James Robertson: Being on, 24x7:

It's all very confusing to those of us who don't have access to the beta.

Which gets to a basic problem in the always on world that we have now - limited access betas are mostly pointless now. Why? Well, look at this whole dust up. Someone complained about toolbars disappearing. Afraid of the Kryptonite effect, Scoble raced out with a bunch of posts (and, according to the Register, a few emails). In the meantime, most of us don't have access to the product in question. To us, this looks like a bewildering array of charges, counter-charges, and explanations. Heck, The Register accuses Scoble of dishonesty.

There are a few possible fixes here, I think. One is, don't do limited access betas at all. If you intend to make a beta publicly available, then make it widely available. Otherwise, you'll get what you see here - lots of commentary being slung over the heads of the unwashed masses.


I don't get limited betas.
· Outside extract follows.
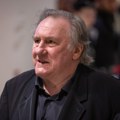 Žerar Depardje nasrnuo na fotografa: Paparaco završio u bolnici FOTO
Maybe it's the insidious influence of the business side, but I find it hard to reconcile increasingly shrill cries for "transparency" with the double super secret nda mentality so rampant in the industry. Tech loves elitism - invite-only conferences, coy references to insider access, closed betas. Said betas ALWAYS make it out into the wild anyway; I'd be surprised if you can't already get the IE 7 beta on the file-sharing networks. It's pretty much proven that such cloak-and-dagger bullshit is at best annoying and worst ineffectual.


So why does the disconnect continue? My educated guess would be the relationship (read "collusion") between the tech industry and its customers, typically corporate IT departments. Tech really has a 2-level customer base: IT and the "unwashed masses." The unwashed get pretty much no insider access whatsoever. IT does; it's pretty much ALL inside baseball. Blogging, especially the Scoble-type "I'm not an amateur pundit, but I simulate one on-line" variety, gives it the veneer of being out in some undefined "open," even though I can't really tell you why right now. What's strange is that many of these "conversations" could be conducted via email; quite often there's little or no benefit to the people not directly involved. But if you did it over "private" channels you couldn't refer to yourself as a "revolutionary." A corporate revolutionary. Jesus. That's right up there with "military intelligence."